Millennials have spoken—and they are just fine with renting over buying, even their clothes.
The rental trend has long been apparent in urban areas for categories like housing and automobile, but it’s now picking up steam in the apparel market as well. Rent the Runway, which was founded a decade ago as a special-occasion rental opportunity for consumers who coveted the designer duds they couldn’t quite afford, is no longer the only game in town. A host of competitors are popping up with compelling propositions for consumers even as established retailers like Express and REI explore their own rental models. Nuuly, Urban Outfitters’ new subscription offering, debuted on Tuesday. At the same time, Armoire, a two-year-old fashion startup that targets professional women too busy to shop with a subscription clothing rental program, is in expansion mode.
In its annual State of Fashion 2019 report published last fall, the Business of Fashion noted the “End of Ownership” as one of retail’s top 10 trends. “Fashion players will increasingly tap into this market to gain access to new consumers seeking both affordability and a move away from the permanent ownership of clothing,” the report noted. In addition, Business of Fashion found that 44 percent of respondents to its survey believed the pre-owned business model would be more relevant in 2019 than in 2018.

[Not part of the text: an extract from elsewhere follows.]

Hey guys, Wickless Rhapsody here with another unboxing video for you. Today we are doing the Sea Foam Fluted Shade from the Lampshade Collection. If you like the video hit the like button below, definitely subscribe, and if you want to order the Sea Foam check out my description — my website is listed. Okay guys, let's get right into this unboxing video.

Nuuly, which expects to leverage the brick-and-mortar locations of its parent brand as drop-off points, is pushing a lower price point, at $88 a month, than its competitors. The subscription includes access to the Urban portfolio of Anthropologie, Free People and the company’s namesake apparel brand, as well as more than 100 third-party brands and vintage pieces.

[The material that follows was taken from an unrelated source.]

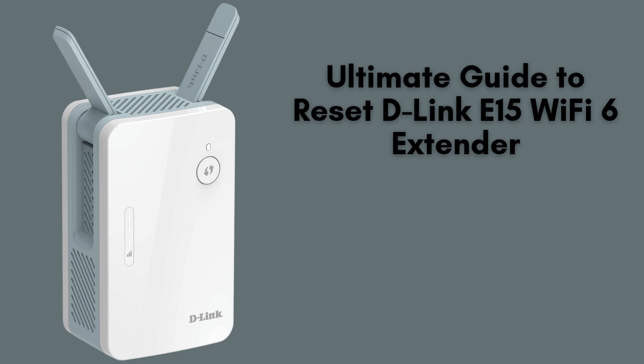In today's video, we'll guide you through the complete process of resetting your D-Link E15 Wi-Fi 6 extender. Whether you're experiencing connectivity problems, changing network settings, or simply looking to start fresh, this step-by-step tutorial will walk you through everything you need to know. Let's dive in.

“We’ve structured the Nuuly service such that the value proposition is unmistakable,” says Nuuly President Dave Hayne via email. The brand isn’t yet investing in much advertising, he says, noting that paid digital marketing is something the brand is prepared to introduce in the future. “But we believe we have plenty of organic runway to begin to penetrate the market before resorting to much paid advertising," he adds.
Armoire is priced higher—at $149 a month for pieces from high-end designers such as Diane von Furstenberg and Phillip Lim—but the company claims its use of data will help save customers valuable time. The Seattle-based brand encourages consumers to fill out a short style questionnaire when they begin the service—in theory, the longer consumers use the company, the more tailored the algorithm serving up choices becomes.
“Women, busy professionals, they travel for work and don’t have an endless amount of time to figure out what they should be wearing,” says Cynthia Houlton, head of growth at Armoire. “As you continue to rent, we are only serving up items that are your size and that start to align with your preferences.”
Armoire’s concept is not new—it’s closer to a hybrid mash-up of both Stitch Fix, which uses its own algorithm to send clothing options to its members to buy, and Rent the Runway.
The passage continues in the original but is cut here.